Spring arrives at different times in different parts of the United States. Here, at Wildflower Meadows, our spring begins in early February. For some of our customers, whose apiaries are in the north of the country or are in the mountains, spring can arrive as late as the middle of May or early June. Regardless of the timing, however, spring beekeeping activities are the same for all beekeepers.
Spring is a time when the population of a beehive is about to grow rapidly. The queen has begun to lay new frames of brood in earnest. Often in the early spring a beehive may appear to contain more frames of brood than bees! Accordingly, most spring beekeeping is focused on managing the expansion of the bee population and gearing up for an oncoming spring honey flow.
Honeybees’ swarming instinct is strongest in the spring, so the beekeeper needs to be especially aware of warning signs of swarming.
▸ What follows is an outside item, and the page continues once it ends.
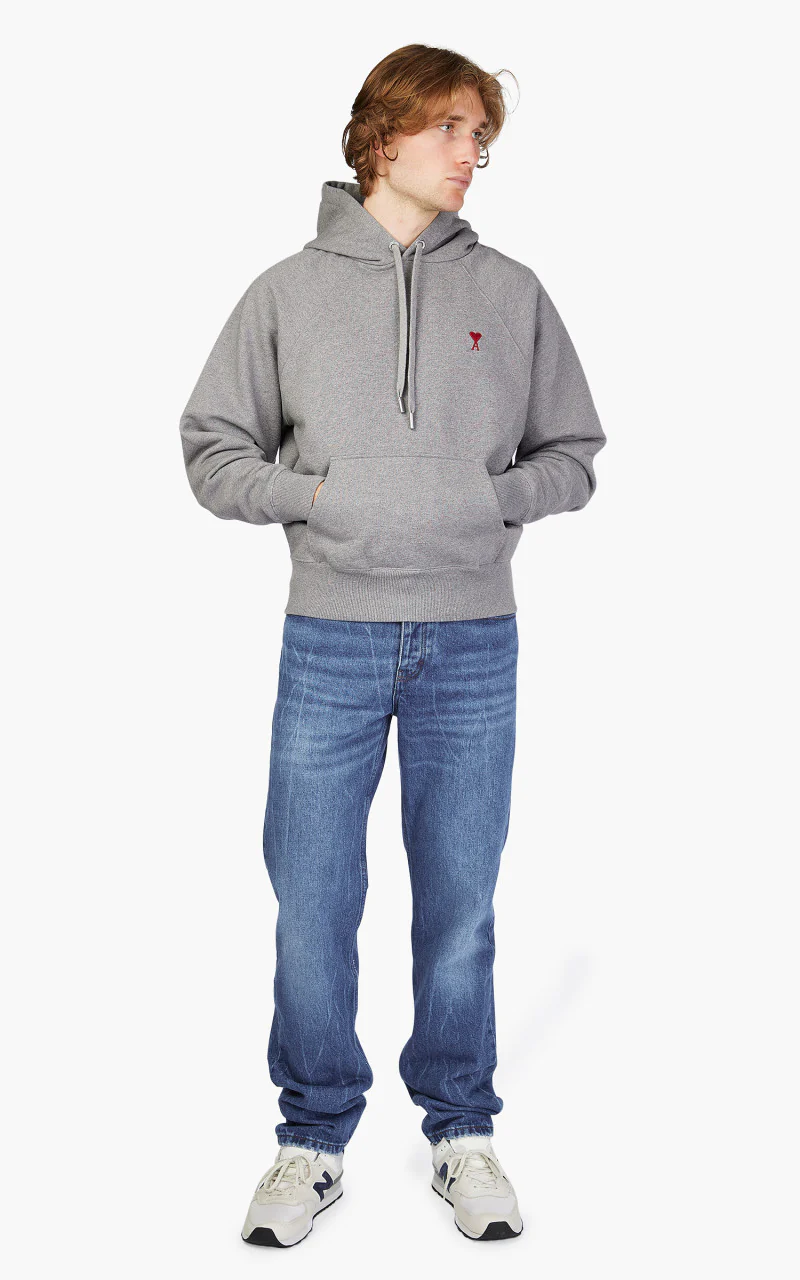 AMI Paris Ami De Coeur Hoodie Heather Grey - Image 2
Having a young queen inside the hive, and making sure that there is enough extra space (supers) for a growing colony are the two best actions a beekeeper can take to control swarming. Most colonies will need increased space as the season hits its stride of one or two weeks after the onset of spring. Spring is also a good time to:
- Clean off bottom boards
- Remove entrance reducers (robbing usually is not a problem in the spring)
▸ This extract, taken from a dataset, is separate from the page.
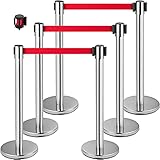 VEVOR Personenleitsystem 6 Ständer 1 Adapter, 90 cm Gesamthöhe Absperrung, Abgrenzungsständer, Absperrständer mit 2 M Länge Gürtel für Airport Flughafen, Ständer aus Stahl und Eisen Silber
- Replace old or destroyed honeycomb
- Make sure that the bees have a clean and reliable nearby water source
- Evaluate the quality of the overwintered queen
Although it is important for a beekeeper to ensure that bees have enough space heading into spring, a good beekeeper does not want to get too carried away by adding too many supers, or adding supers too early in the season. Sometimes early an spring will bring unexpected frosts or chilly weather. Too much space inside a beehive can make it difficult for the bees to keep the nighttime cluster warm and could result in the brood being chilled.